Copy out the data below from the line containing "(NEW Accessories Hair" to the line containing "Oracle Magnetic Light", both lines included, with all images left out.
■ ■ ■
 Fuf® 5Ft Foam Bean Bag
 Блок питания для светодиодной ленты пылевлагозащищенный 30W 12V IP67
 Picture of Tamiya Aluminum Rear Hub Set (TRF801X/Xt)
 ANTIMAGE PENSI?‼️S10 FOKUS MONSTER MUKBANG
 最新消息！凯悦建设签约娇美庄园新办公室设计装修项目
■ ■ ■
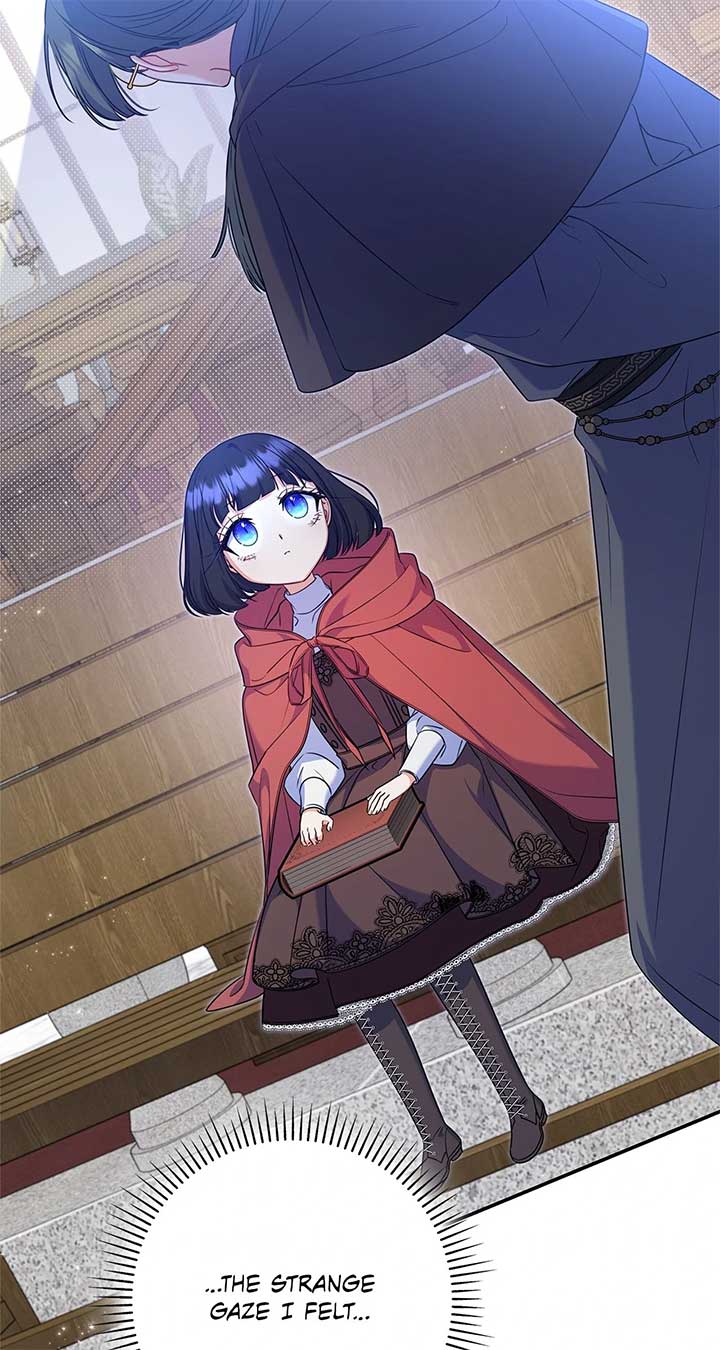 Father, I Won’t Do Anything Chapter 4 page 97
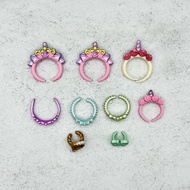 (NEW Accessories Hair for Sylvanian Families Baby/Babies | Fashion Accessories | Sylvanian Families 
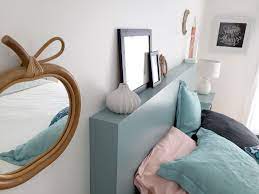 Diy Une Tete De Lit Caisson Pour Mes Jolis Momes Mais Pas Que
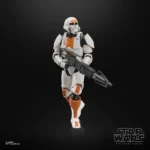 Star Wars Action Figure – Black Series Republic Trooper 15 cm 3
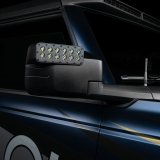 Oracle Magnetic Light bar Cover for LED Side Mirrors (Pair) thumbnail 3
■ ■ ■
- SOLUTION TO THIS TASK -
 (NEW Accessories Hair for Sylvanian Families Baby/Babies | Fashion Accessories | Sylvanian Families 
 Diy Une Tete De Lit Caisson Pour Mes Jolis Momes Mais Pas Que
 Star Wars Action Figure – Black Series Republic Trooper 15 cm 3
 Oracle Magnetic Light bar Cover for LED Side Mirrors (Pair) thumbnail 3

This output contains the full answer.